■ Source information ■

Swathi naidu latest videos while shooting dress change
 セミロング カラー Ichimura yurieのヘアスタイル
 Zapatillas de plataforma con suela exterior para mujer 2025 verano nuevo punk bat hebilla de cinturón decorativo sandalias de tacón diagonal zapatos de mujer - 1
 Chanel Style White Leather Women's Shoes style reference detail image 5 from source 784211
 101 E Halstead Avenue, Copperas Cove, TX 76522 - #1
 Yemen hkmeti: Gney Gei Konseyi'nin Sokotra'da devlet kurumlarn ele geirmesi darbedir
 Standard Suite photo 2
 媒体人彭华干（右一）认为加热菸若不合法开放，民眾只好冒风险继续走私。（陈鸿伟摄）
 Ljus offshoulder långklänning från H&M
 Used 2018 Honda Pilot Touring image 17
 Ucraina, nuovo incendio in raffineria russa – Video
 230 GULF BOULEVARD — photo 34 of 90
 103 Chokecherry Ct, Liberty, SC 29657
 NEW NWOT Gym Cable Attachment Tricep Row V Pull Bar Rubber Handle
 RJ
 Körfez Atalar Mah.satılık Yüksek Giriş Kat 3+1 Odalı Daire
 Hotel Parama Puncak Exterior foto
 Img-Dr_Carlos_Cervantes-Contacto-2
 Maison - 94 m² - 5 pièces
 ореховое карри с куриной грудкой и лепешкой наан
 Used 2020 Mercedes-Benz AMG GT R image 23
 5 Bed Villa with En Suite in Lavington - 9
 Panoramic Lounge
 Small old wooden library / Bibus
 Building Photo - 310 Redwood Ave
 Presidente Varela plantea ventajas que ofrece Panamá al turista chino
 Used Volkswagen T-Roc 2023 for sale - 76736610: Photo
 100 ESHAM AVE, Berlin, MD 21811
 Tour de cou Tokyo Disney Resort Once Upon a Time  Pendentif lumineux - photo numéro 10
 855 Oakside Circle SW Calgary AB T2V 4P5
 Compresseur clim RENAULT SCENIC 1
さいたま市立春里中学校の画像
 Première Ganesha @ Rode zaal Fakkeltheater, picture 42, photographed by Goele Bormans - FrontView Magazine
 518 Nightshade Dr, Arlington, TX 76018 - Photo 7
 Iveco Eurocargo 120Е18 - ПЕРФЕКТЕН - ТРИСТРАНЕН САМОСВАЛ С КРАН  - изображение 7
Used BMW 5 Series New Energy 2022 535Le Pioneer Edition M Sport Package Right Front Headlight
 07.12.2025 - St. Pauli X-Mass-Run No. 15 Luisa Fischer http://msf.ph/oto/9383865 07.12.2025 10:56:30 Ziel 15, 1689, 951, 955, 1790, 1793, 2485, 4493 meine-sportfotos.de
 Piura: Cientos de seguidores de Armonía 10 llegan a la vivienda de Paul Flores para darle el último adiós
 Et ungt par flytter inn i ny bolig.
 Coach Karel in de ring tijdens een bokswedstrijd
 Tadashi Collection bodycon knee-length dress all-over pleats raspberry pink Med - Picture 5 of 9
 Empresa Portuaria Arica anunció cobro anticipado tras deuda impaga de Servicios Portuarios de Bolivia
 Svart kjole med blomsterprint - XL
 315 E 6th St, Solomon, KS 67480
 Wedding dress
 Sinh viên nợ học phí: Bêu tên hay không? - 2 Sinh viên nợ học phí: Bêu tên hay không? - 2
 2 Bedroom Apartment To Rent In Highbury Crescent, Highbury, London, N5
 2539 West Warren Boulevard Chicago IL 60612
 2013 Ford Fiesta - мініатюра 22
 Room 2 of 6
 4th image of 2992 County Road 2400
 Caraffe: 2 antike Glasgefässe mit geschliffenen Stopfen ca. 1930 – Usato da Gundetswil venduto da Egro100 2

■ Activity ■
So that nothing is lost, transcribe each entry exactly as written.

■ Answer below ■
Swathi naidu latest videos while shooting dress change
 セミロング カラー Ichimura yurieのヘアスタイル
 Zapatillas de plataforma con suela exterior para mujer 2025 verano nuevo punk bat hebilla de cinturón decorativo sandalias de tacón diagonal zapatos de mujer - 1
 Chanel Style White Leather Women's Shoes style reference detail image 5 from source 784211
 101 E Halstead Avenue, Copperas Cove, TX 76522 - #1
 Yemen hkmeti: Gney Gei Konseyi'nin Sokotra'da devlet kurumlarn ele geirmesi darbedir
 Standard Suite photo 2
 媒体人彭华干（右一）认为加热菸若不合法开放，民眾只好冒风险继续走私。（陈鸿伟摄）
 Ljus offshoulder långklänning från H&M
 Used 2018 Honda Pilot Touring image 17
 Ucraina, nuovo incendio in raffineria russa – Video
 230 GULF BOULEVARD — photo 34 of 90
 103 Chokecherry Ct, Liberty, SC 29657
 NEW NWOT Gym Cable Attachment Tricep Row V Pull Bar Rubber Handle
 RJ
 Körfez Atalar Mah.satılık Yüksek Giriş Kat 3+1 Odalı Daire
 Hotel Parama Puncak Exterior foto
 Img-Dr_Carlos_Cervantes-Contacto-2
 Maison - 94 m² - 5 pièces
 ореховое карри с куриной грудкой и лепешкой наан
 Used 2020 Mercedes-Benz AMG GT R image 23
 5 Bed Villa with En Suite in Lavington - 9
 Panoramic Lounge
 Small old wooden library / Bibus
 Building Photo - 310 Redwood Ave
 Presidente Varela plantea ventajas que ofrece Panamá al turista chino
 Used Volkswagen T-Roc 2023 for sale - 76736610: Photo
 100 ESHAM AVE, Berlin, MD 21811
 Tour de cou Tokyo Disney Resort Once Upon a Time  Pendentif lumineux - photo numéro 10
 855 Oakside Circle SW Calgary AB T2V 4P5
 Compresseur clim RENAULT SCENIC 1
さいたま市立春里中学校の画像
 Première Ganesha @ Rode zaal Fakkeltheater, picture 42, photographed by Goele Bormans - FrontView Magazine
 518 Nightshade Dr, Arlington, TX 76018 - Photo 7
 Iveco Eurocargo 120Е18 - ПЕРФЕКТЕН - ТРИСТРАНЕН САМОСВАЛ С КРАН  - изображение 7
Used BMW 5 Series New Energy 2022 535Le Pioneer Edition M Sport Package Right Front Headlight
 07.12.2025 - St. Pauli X-Mass-Run No. 15 Luisa Fischer http://msf.ph/oto/9383865 07.12.2025 10:56:30 Ziel 15, 1689, 951, 955, 1790, 1793, 2485, 4493 meine-sportfotos.de
 Piura: Cientos de seguidores de Armonía 10 llegan a la vivienda de Paul Flores para darle el último adiós
 Et ungt par flytter inn i ny bolig.
 Coach Karel in de ring tijdens een bokswedstrijd
 Tadashi Collection bodycon knee-length dress all-over pleats raspberry pink Med - Picture 5 of 9
 Empresa Portuaria Arica anunció cobro anticipado tras deuda impaga de Servicios Portuarios de Bolivia
 Svart kjole med blomsterprint - XL
 315 E 6th St, Solomon, KS 67480
 Wedding dress
 Sinh viên nợ học phí: Bêu tên hay không? - 2 Sinh viên nợ học phí: Bêu tên hay không? - 2
 2 Bedroom Apartment To Rent In Highbury Crescent, Highbury, London, N5
 2539 West Warren Boulevard Chicago IL 60612
 2013 Ford Fiesta - мініатюра 22
 Room 2 of 6
 4th image of 2992 County Road 2400
 Caraffe: 2 antike Glasgefässe mit geschliffenen Stopfen ca. 1930 – Usato da Gundetswil venduto da Egro100 2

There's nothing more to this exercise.